Noga Alon wins 2022 Shaw Prize in Mathematical Sciences

The 2022 Shaw Prize in Mathematical Sciences was awarded in equal shares to mathematicians Noga Alon of Princeton University and Ehud Hrushovski of Oxford, "for their remarkable contributions to discrete mathematics and model theory with interaction notably with algebraic geometry, topology and computer sciences." 

Awarded by the Hong Kong-based Shaw Foundation, the Shaw Prize honors recent breakthroughs by researchers in the fields of mathematics, astronomy, and life science and medicine.

Noga Alon

Alon, a professor in the Department of Mathematics and the Program in Applied and Computational Mathematics, works in the broad area of discrete mathematics. "He has introduced new methods and achieved fundamental results which entirely shaped the field," the award citation stated.

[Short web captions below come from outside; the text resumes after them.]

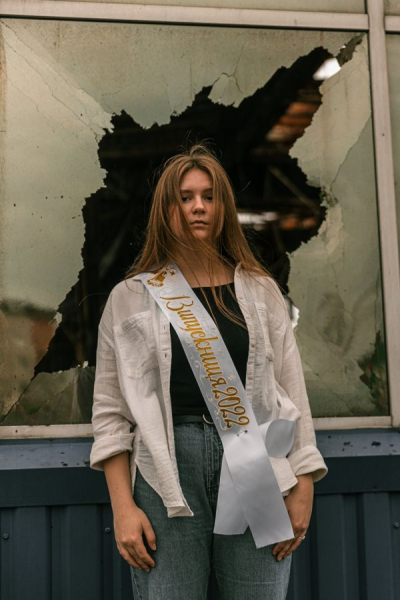 Школьный альбом войны. Фотосессия выпускников Чернигова на руинах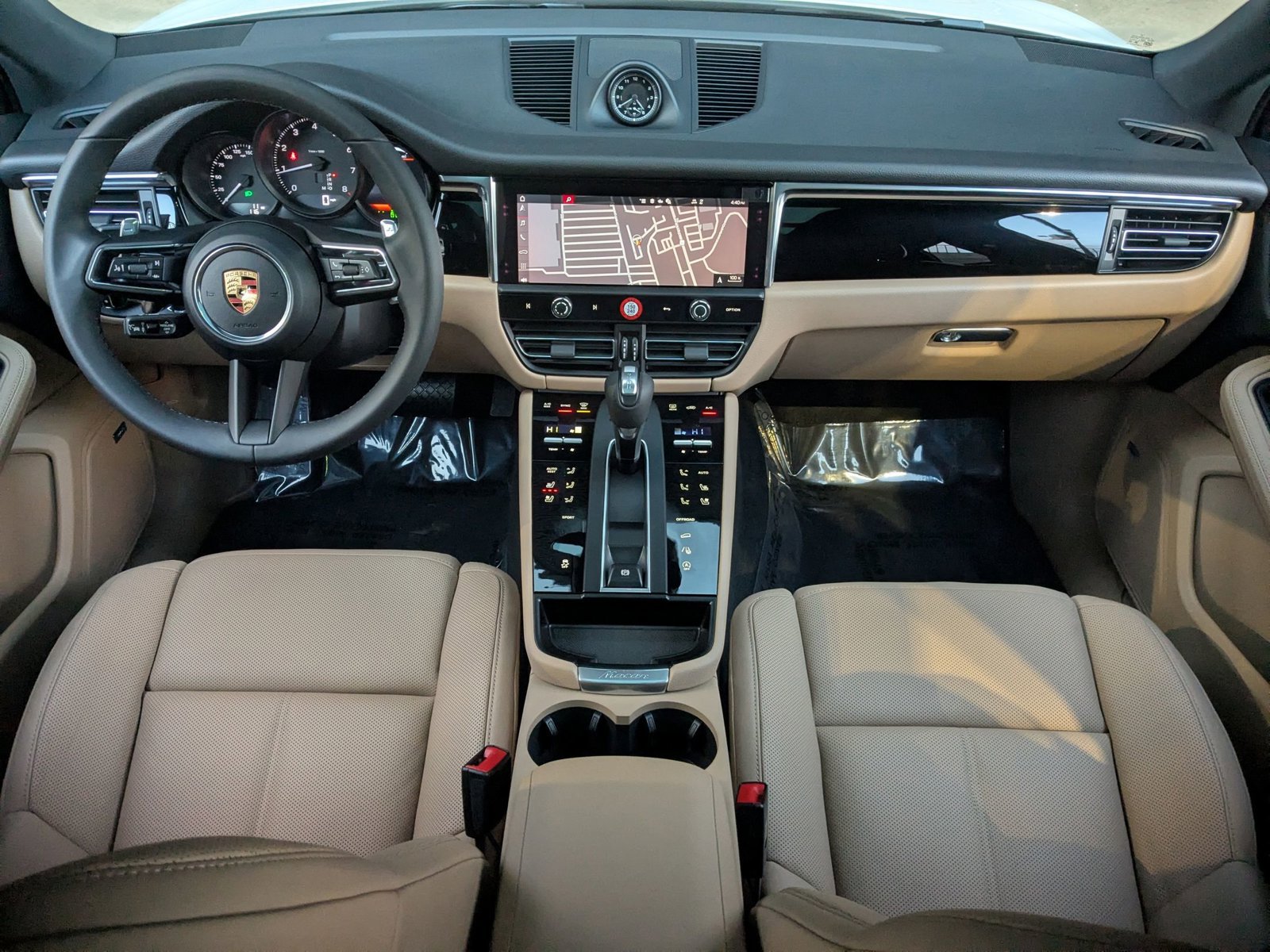 Certified 2026 Porsche Macan AWD/4WD image 23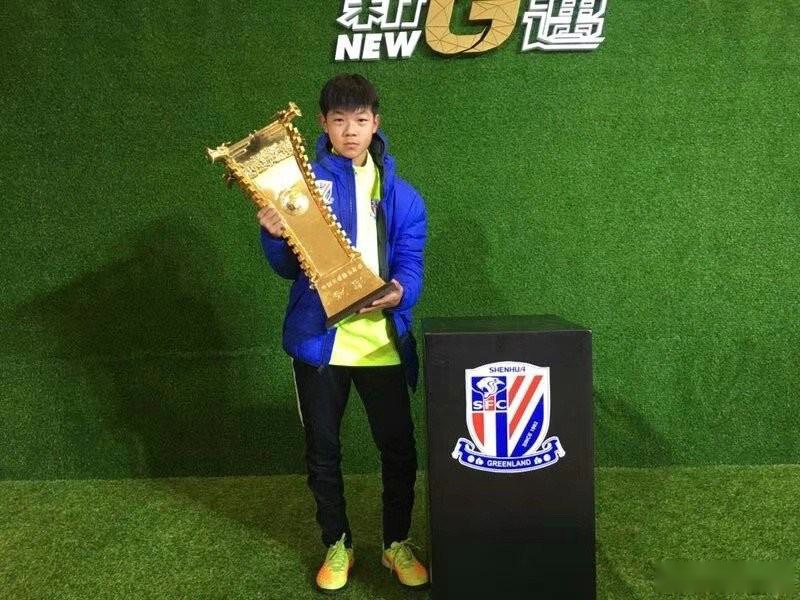 韓嘉文完成一線隊(duì)首秀分享照片：十年的等待終于實(shí)現(xiàn)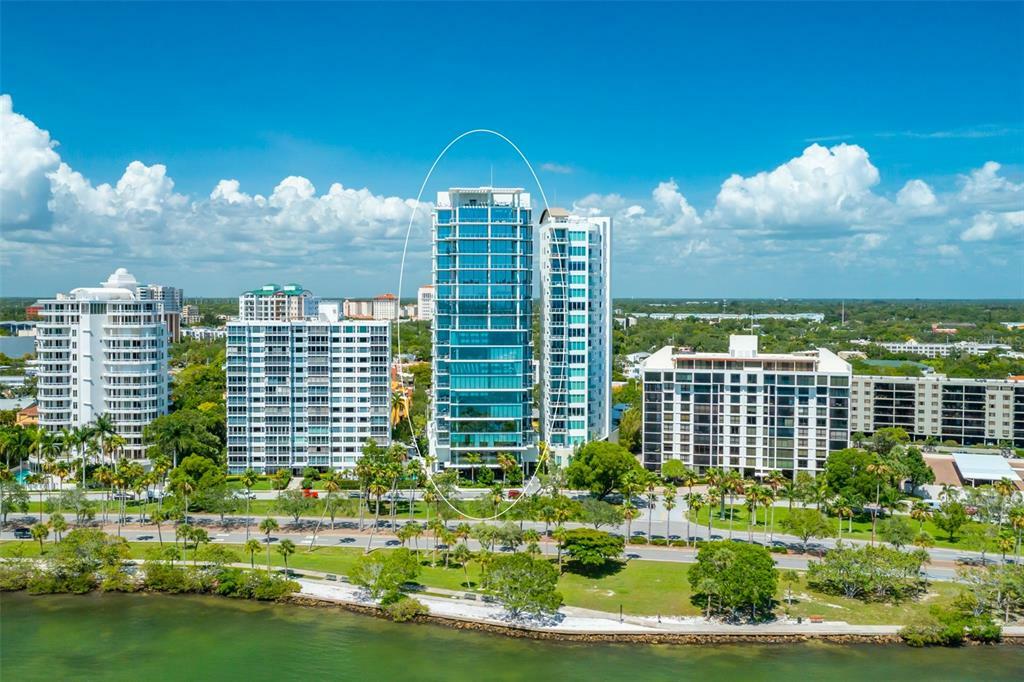 Property Photo: 605 S Gulfstream Avenue Ph 18 FL 34236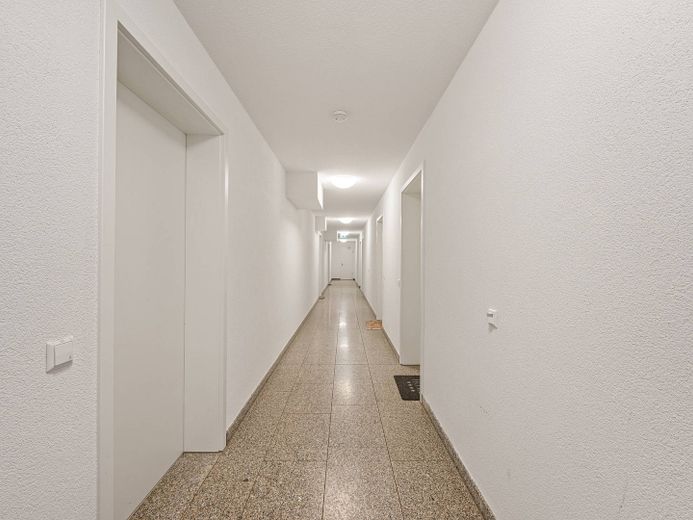 ** Modernes, vollmöbliertes 1-Zimmer-Apartment mit EINBAUKÜCHE und gemeinschaftlicher DACHTERRASSE ** – Hausflur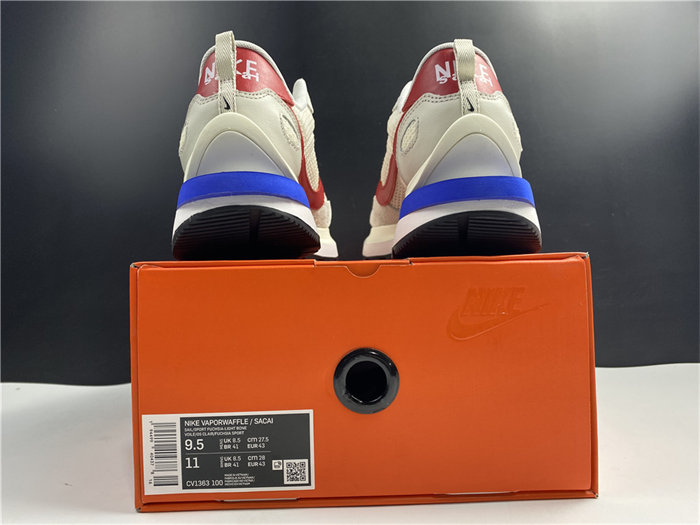 NK Vaporwaffle sacai Sport Fuchsia Game Royal CV1363-100 detail 5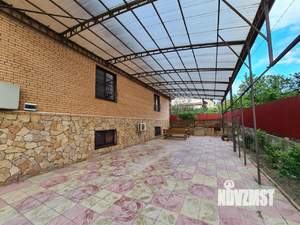 Дом 300м², 2-этажный, участок 8 сот.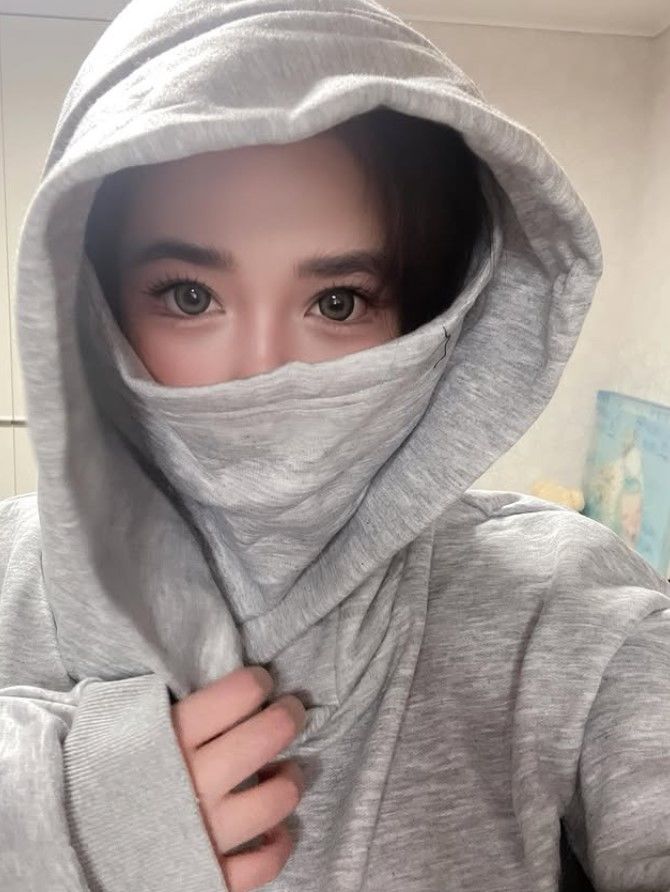 [서울=뉴시스] 박봄. (사진=박봄 인스타그램 캡처) 2025.12.09. photo@newsis.com  *재판매 및 DB 금지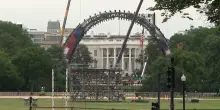 Lavori in corso alla Casa Bianca: si prepara l'evento di MMA per il compleanno di Trump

"The massive mathematical oeuvre of Noga Alon (he has published well over 600 research papers) attests to the breathtaking creativity and originality of his ideas," said Assaf Naor, a Princeton professor of mathematics. "His works include paradigm-shifting and area-creating contributions, and he developed methods that have become an essential part of the toolkit that one must use when studying issues in combinatorics and related fields."

In addition to his Princeton professorship, Alon is the Baumritter Professor Emeritus of Mathematics and Computer Science at Tel Aviv University. He received his Ph.D. in mathematics at the Hebrew University of Jerusalem in 1983 and had visiting positions in various research institutes including MIT, Harvard, the Institute for Advanced Study in Princeton, IBM Almaden Research Center, Bell Laboratories, Bellcore and Microsoft Research (Redmond and Israel). He joined Tel Aviv University in 1985, served as the head of the School of Mathematical Sciences in 1999-2000 and moved to Princeton in 2018. He has supervised more than 20 Ph.D. students. He serves on the editorial boards of more than a dozen international technical journals and has given invited lectures in many conferences, including plenary addresses in the 1996 European Congress of Mathematics and in the 2002 International Congress of Mathematicians. 

Among many other honors, Alon is an ACM Fellow and an AMS Fellow, a member of the Israel Academy of Sciences and Humanities and of the Academia Europaea, and an honorary member of the Hungarian Academy of Sciences. He received the Erdös Prize, the Feher Prize, the Polya Prize, the Bruno Memorial Award, the Landau Prize, the Gödel Prize, the Israel Prize, the EMET Prize, the Dijkstra Prize, the Nerode Prize, the Paris Kanellakis Award, the Steele Prize for Mathematical Exposition and an honorary doctorate from ETH Zurich and from the University of Waterloo.

Ehud Hrushovski, with whom Alon shares the prize, is currently the Merton Professor of Mathematical Logic, University of Oxford, in the United Kingdom. Early in his career, he was an instructor (1987–1988) and a visiting assistant professor (1988–1989) at Princeton.

The Shaw Prize, established by media mogul and philanthropist Run Run Shaw in 2002, carries a monetary award of $1.2 million. Other Princeton faculty who have received the Shaw Prize include: János Kollár, the Donner Professor of Science and professor of mathematics, who won the 2017 Shaw Prize in mathematics; Bonnie Bassler, the Squibb Professor in Molecular Biology and chair of the Department of Molecular Biology, who won the 2015 Shaw Prize in life science and medicine; Lyman Page, the James S. McDonnell Distinguished University Professor in Physics, and David Spergel, the Charles A. Young Professor of Astronomy on the Class of 1897 Foundation, Emeritus, who shared the 2010 Shaw Prize in astronomy; and P. James Peebles, the Albert Einstein Professor of Science, Emeritus, and professor of physics, emeritus, who won the 2004 Shaw Prize in astronomy.